いつしかウェア類を中心にモンベル商品が増えてきた。ザックや登山用のテント、登山靴などは他のブランドだった。ゴアテックスのレインウェアにはお世話になった。10年近く使ったらゴアのレイヤーが剥がれた。登山道具店に持っていくと真新しい同モデルに無償で交換してくれた。ゴアテックス製品に対しては永久保証です、と言われた。モンベルの方針なのか、ゴアテックスフィルムのメーカーの方針なのか、はたまた登山道具店の方針なのかは分からない。以来レインウェアとしてのモンベルとその登山道具店は自分の気に入るところとなった。
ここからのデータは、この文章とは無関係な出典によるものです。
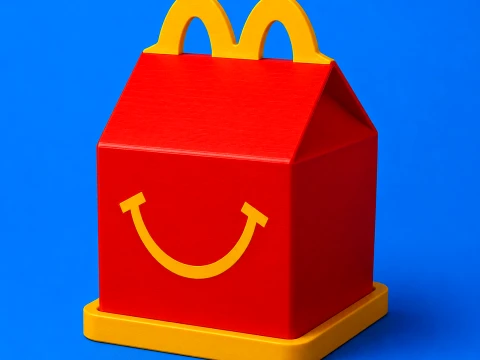 McFood Happy Meal Covered Tray 3D 3D Print Model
ゼロポイントというブランドは今は無いのだろうか。これはモンベルの中でも登攀用や冬山用などのコアな登山ブランドだった。当時は同ブランドのアタックザックもあった。自分が持っているのはアルパインジャケットだった。ハードな冬山用のゴアテックス三層ラミネートの防水・防風アウターはスキーを使って登山する、そんな山スキーの為に買った。保温材は無い。雪山をザックを背負いスキーで登ればすぐにわかるがアウターに保温材があると汗をかいていしまう。そこはミドルウェアで調整するのは今も変わらない。雪山のアウターに求められるものは強力な防水防風性能、それに背負ったスキーやピッケル、アイゼン、それに岩角などで傷ついても破れない強靭性だ。三層式のゴアテックスは前提で、加え重いザックを背負ってもへたれない強いシェル素材である必要がある。

自分のアルパインジャケットはもう25年以上使っている。テレマークスキーにシールを貼りこれまで幾つの山頂にこのジャケットで立ったかを数えた事もない。登ってきた雪山の数とそれは同じだろう。

酷使したのだろう、インナーレイヤーに張られているシームテープが剥がれてしまった。縫い目のミシン目の裏地として貼られているテープだった。これが剥がれるとミシン目から水が浸入することになる。冬山に使うには致命的だった。修理でモンベルの店に持って行ったのはもう十年近く前だった。店員さんは驚いた。よくぞここまで使って頂きました。修理できるわからないけれど預かりますと。

シームテープを貼り直して戻ってきた。7000円程度だっただろうか。次に剥がれたら、寿命ですよ。と言われた。シーズンが変わり再びテープが剥がれてきた。もうこれでお役御免だろうか、と思った。

色々なメーカーのウィンターシェルを探している。しかし帯に短したすきに長し。ゼロポイントのアルパインジャケットに比肩しうるものが見つからない。ご本家モンベルもピンとこない。全体的にスリムなシルエットになったようだがそれも自分にとっては向かい風だった。

自分がこれを使うのは残雪期を中心とした好天の日と決めている。降雪降雨が予想され視界を失う天候では予報の段階で行動をしない。すると縫い目の目止めテープが無いにせよ使えるのではないか、とも思うのだった。しかし予期せぬ風説のビバークにも対応することもあるかもしれない。

もう一度リペアに持ち込むか新しいゴアのアルパインジャケットを買うかは決めかねている。これまで多くの山を共にしてくれていたのだから安心がある。色々悩む。悩むのはこれからも出来る限りテレマークスキーにシールを貼って山頂を目指し滑りたい、バックカントリーを楽しみたいからだ。それは自分にとって幸せな事だと思っている。

長らく使っていたゼロポイントのアルパインジャケット。信頼瀬はあるがシームテープが剥がれてきた。今度貼れば三度目になる。悩みどころだ。